The data presented here indicate that local administration of CBD blocked OA pain. Prophylactic CBD treatment prevented the later development of pain and nerve damage in these OA joints.
These findings suggest that CBD may be a safe, useful therapeutic for treating OA joint neuropathic pain.”
“Preclinical and clinical studies using cannabis-based therapy have been shown to provide both analgesia and anti-inflammatory effects, with an overall alleviation of clinical symptoms in animal models of arthritis, highlighting its promising therapeutic application for humans. Despite this, the development of cannabis-based therapeutics remains in its infancy, with further investigation into its efficacy and safety profile in patients still required. This synopsis reviews the various components of the endocannabinoid system in health and disease and their potential as therapeutic targets.”

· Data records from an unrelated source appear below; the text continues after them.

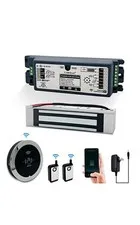 OlideSmart OS210WMS Wi-Fi Magnetic Door Lock Touchless Sensor Alexa Google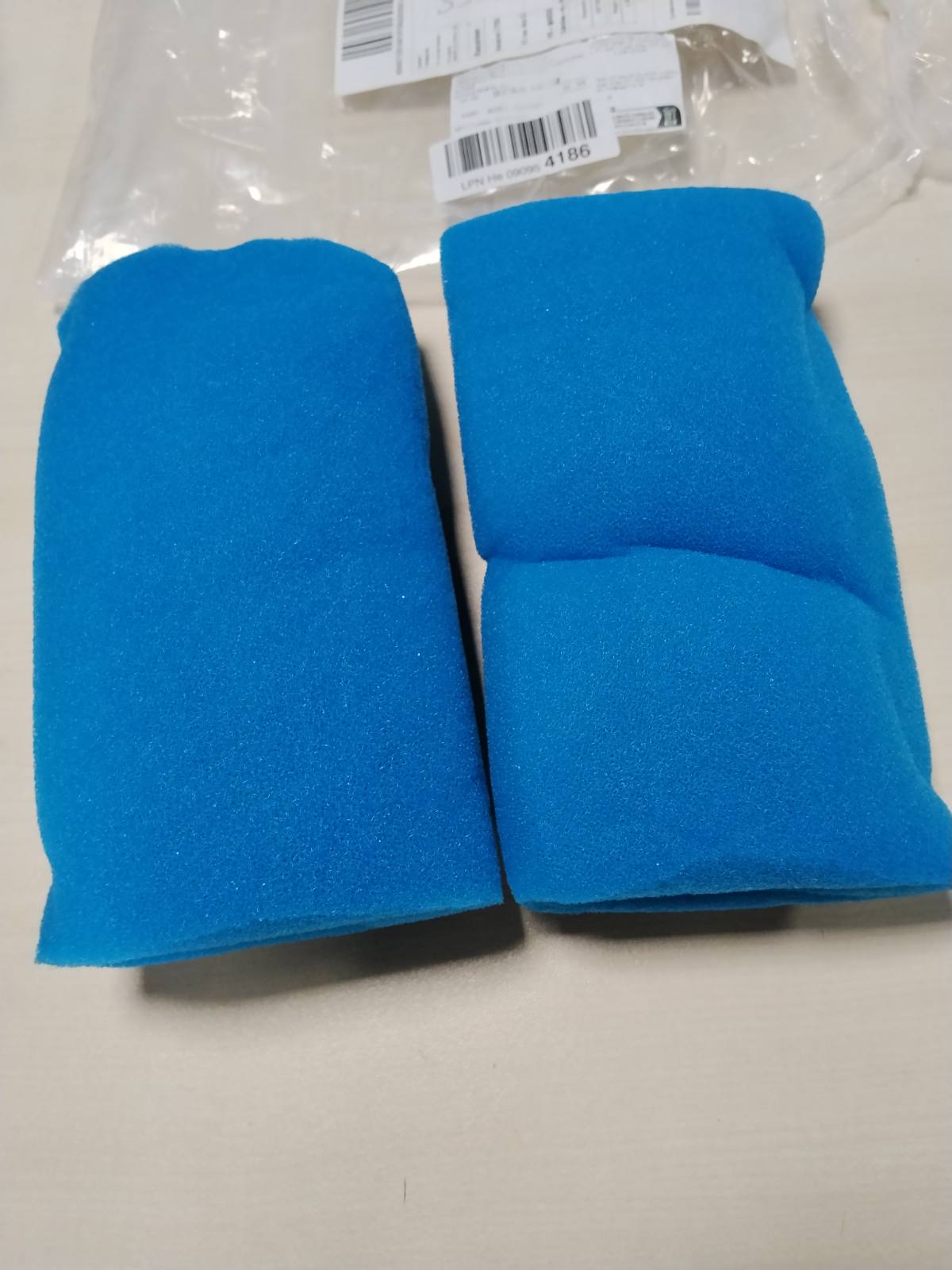 335331 - RosyFate Sfungjer Filtri me 2 Pjesë Tipi A, Filtër Pishine me Shkumë, Fishek Filtri i Ripërdorshëm, Blu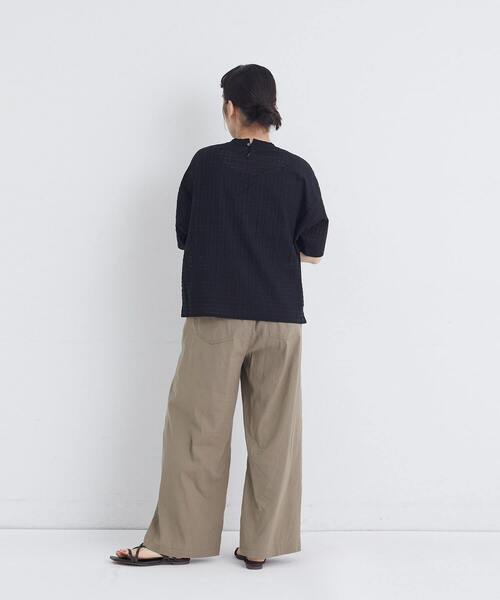 conges payes ADIEU TRISTESSE(コンジェ ペイエ アデュートリステス)の「シャーリングプルオーバーブラウス(シャツ/ブラウス・レディース・ベージュ系その他/ブルー系その他/ブラック系その他・38)」の20枚目の写真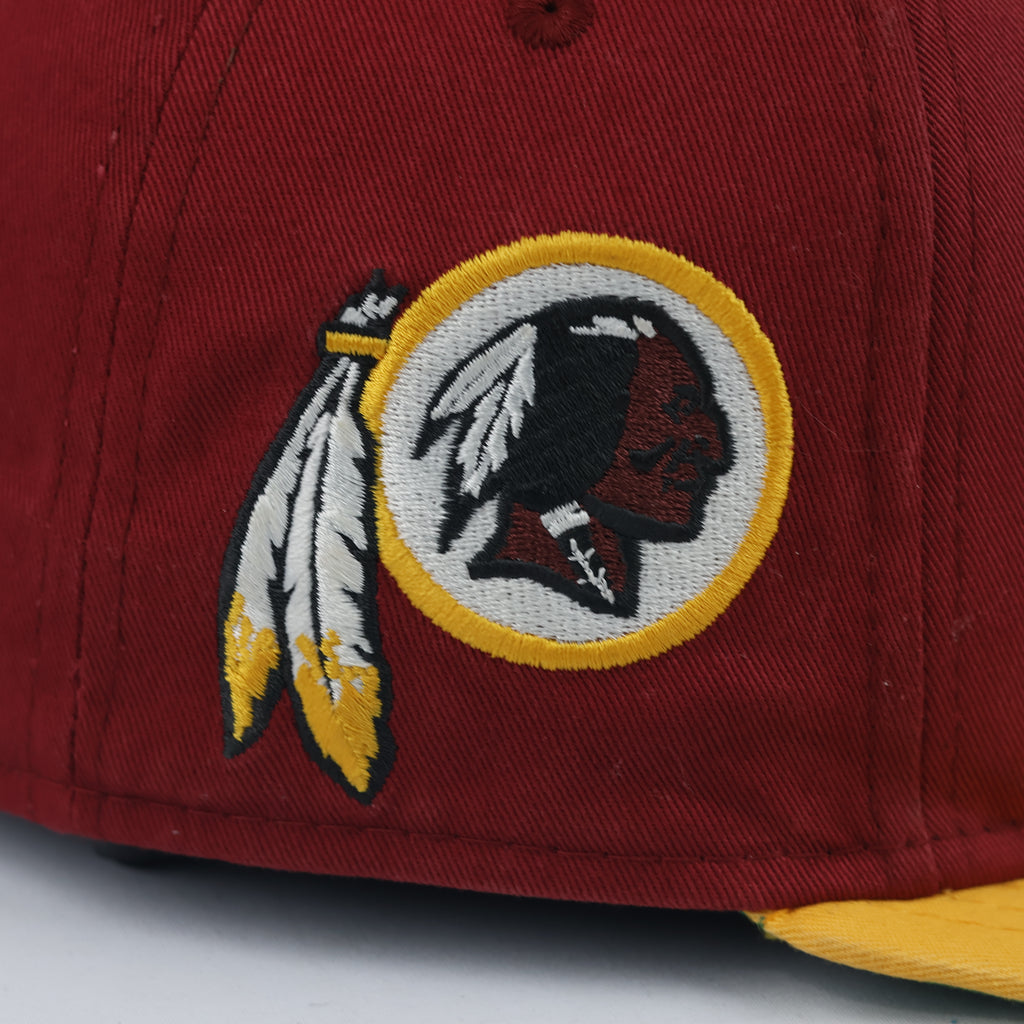 New Era 9FIFTY Washington Redskins Snapback Hat (Burgundy, 57-59cm)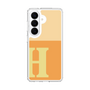 スリムプロテクションケース［ オリジナル - initial two tone - H orange ］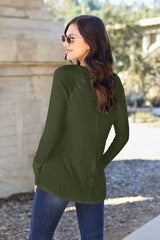 Basic Bae Full Size Round Neck Long Sleeve T-Shirt - ShopBasicbae - Flyclothing LLC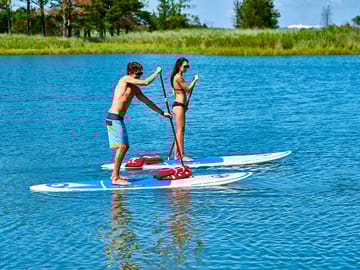 A great and eco-friendly way get around, a sup workout is the best of both worlds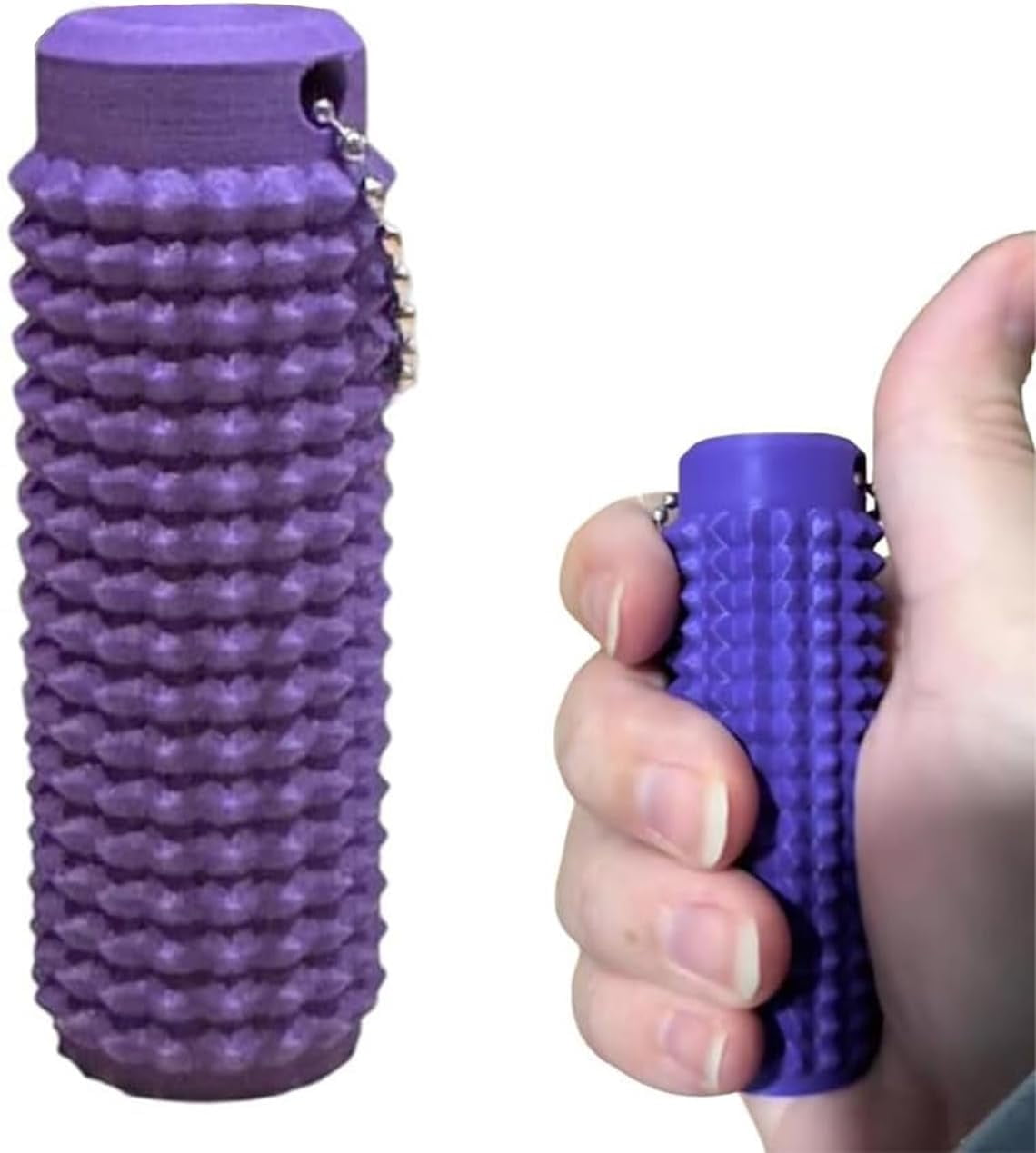 Reflexology Keychains Spiky Grippie Stim Keychain, Calming Fidget Keychain for Anxiety Relief ...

“From last decade, there has been progressive improvement in computational drug designing. Several diseases are being cured from different plant extracts and products.
Rheumatoid arthritis (RA) is the most shared disease among auto-inflammatory diseases. Tumor necrosis factor (TNF)-α is associated with RA pathway and has adverse effects.
Extensive literature review showed that plant species under study (Cannabis sativa, Prunella vulgaris and Withania somnifera) possess anti-inflammatory, anti-arthritic and anti-rheumatic properties.
13 anti-inflammatory compounds were characterized and filtered out from medicinal plant species and analyzed for RA by targeting TNF-α through in silicoanalyses. By using ligand based pharmacophore generation approach and virtual screening against natural products libraries we retrieved twenty unique molecules that displayed utmost binding affinity, least binding energies and effective drug properties. The docking analyses revealed that Ala-22, Glu-23, Ser-65, Gln-67, Tyr-141, Leu-142, Asp-143, Phe-144 and Ala-145 were critical interacting residues for receptor-ligand interactions.
It is proposed that the RA patients should use reported compounds for the prescription of RA by targeting TNF-α. This report is opening new dimensions for designing innovative therapeutic targets to cure RA.”